April 7, 2020
This post is part of Smart Prosperity Institute’s Smart Stimulus Project. To see other posts from this project, click here.
Want to receive the latest analysis and insights on smart stimulus for a resilient economic recovery? Sign up for our monthly updates here.
Face masks held up at the border, ventilators in short supply, fears about the availability of life-saving drugs. COVID-19 is testing Canada’s medical supply chains like never before, exposing vulnerabilities and forcing Canadians to consider the impact of potential disruptions. While climate change may seem like a distant problem when held up against the devastation being caused by this coronavirus, it too threatens to profoundly disrupt Canada’s supply chains.
Around 80% of global trade is rooted in supply chains. And with Canada’s 2018 trade-to-GDP ratio at 66% -- well above the global average -- Canada is particularly reliant on international supply chains.
Building resilience in our supply chains will help prepare Canada for the next pandemic, but will also help brace the Canadian economy for the expected shocks emerging from climate-related events around the world. Government and businesses would be wise to heed the lessons currently being learned from the pandemic, and to make our supply chains more resilient for the big climate test that lies ahead.
Disruptions in Canada
The focus for the moment is on medical supplies, such as masks, ventilators, testing kits, and other equipment. The rush to procure more ventilators, for example, where supply has been squeezed by large orders from other countries, has led to a made-in-Canada approach, that includes the manufacturing of some parts by the domestic automotive industry.

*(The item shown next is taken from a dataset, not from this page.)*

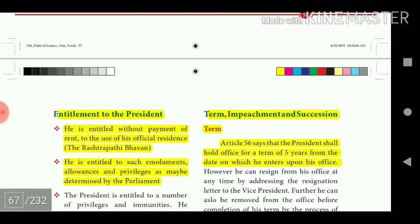Regarding entitlements, the President is entitled without payment of rent to the use of his official residence, the Rashtrapati Bhavan. He is also entitled to such emoluments, allowances, and privileges as may be determined by Parliament.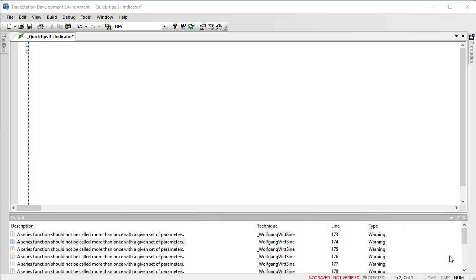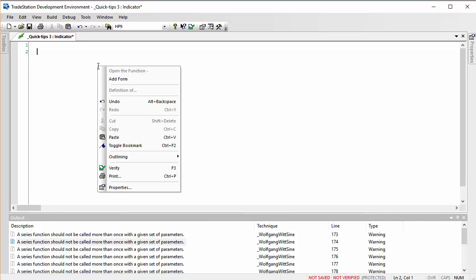Hello and welcome to Quick Tips number three. I'm going to be talking about forms. If you wish to create a form, I've created a new indicator here and I'm going to press the right-hand mouse button.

From Canadian distilleries and beer breweries having to shift production to hand sanitizer, to complaints by the multinational 3M company that it was mandated to stop all shipments of N95 masks to Canada, there are escalating and legitimate concerns over supply disruption to Canadian markets.
But medical supplies are only the most visible victim of the supply shock. As a result of heavy dependence on China as the world’s production center, the world has witnessed shortages in finished products including automotive parts, electronics, and pharmaceuticals as plants there shut down. China also provides many of Canada’s companies with the raw materials and components they need.

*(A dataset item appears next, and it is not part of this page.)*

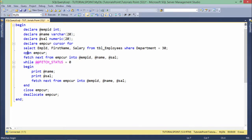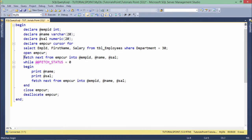Once the cursor is declared, we open it with OPEN EMP Cursor. By the time we open the cursor, the result set is generated in the database. When we start fetching — FETCH NEXT FROM EMP Cursor — the first record from the result set will be fetched. Each record in the result set has EMP ID, first name, and salary columns. When you fetch the first record, the EMP ID, first name, and salary will be assigned to the EMP ID, name, and sal variables respectively.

Even the supply of food, which most of us take for granted, faces uncertainties. COVID-19 has exposed potential weaknesses, and the World Trade Organisation and United Nations recently issued a joint statement cautioning countries to minimize potential impacts on food supply as borders close and response measures continue to ramp-up.

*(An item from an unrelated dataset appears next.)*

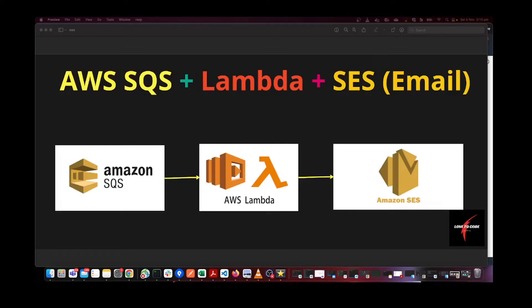Hi everyone, welcome back. Today I'm going to show how to integrate AWS SQS, Lambda, and AWS SES, which is an email service. This is a continuation of my previous video where I showed how to integrate AWS SQS and Lambda. If you want to know how to do that, please refer to the previous video linked in the comments below.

Supply Chains and Climate Change
For many years, prominent economic bodies, such as the Word Economic Forum, have been advising governments and businesses that they must place a greater focus on building supply-chain resilience in the face of climate change.
Last summer, the Expert Panel on Climate Change Risks and Adaptation Potential warned Canadians about climate-related supply chain disruptions as part of its broader report on climate risks. Global business, industry, and employment will continue to be impacted by extreme weather events and wild fires in other areas, it argued. Delivery routes such as the St. Lawrence River could also be impacted by changing water levels, it said.
Analysis on the impacts of Thailand’s 2011 devastating flooding, for example, showed that more than 14,500 global companies, dependent on regional suppliers, experienced significant damage, with insured losses between $15 to $20 billion. Honda’s production at auto plants in the United States and Canada was slowed by 50% through to 2012 due to shortages of parts normally made in Thailand.
California’s wildfires are another example of how climate-related events can impact supply chains, particularly the movement of goods and services. In 2017, over 66,000 fires burned more than 800 square kilometers, closing highways and airports and halting deliveries.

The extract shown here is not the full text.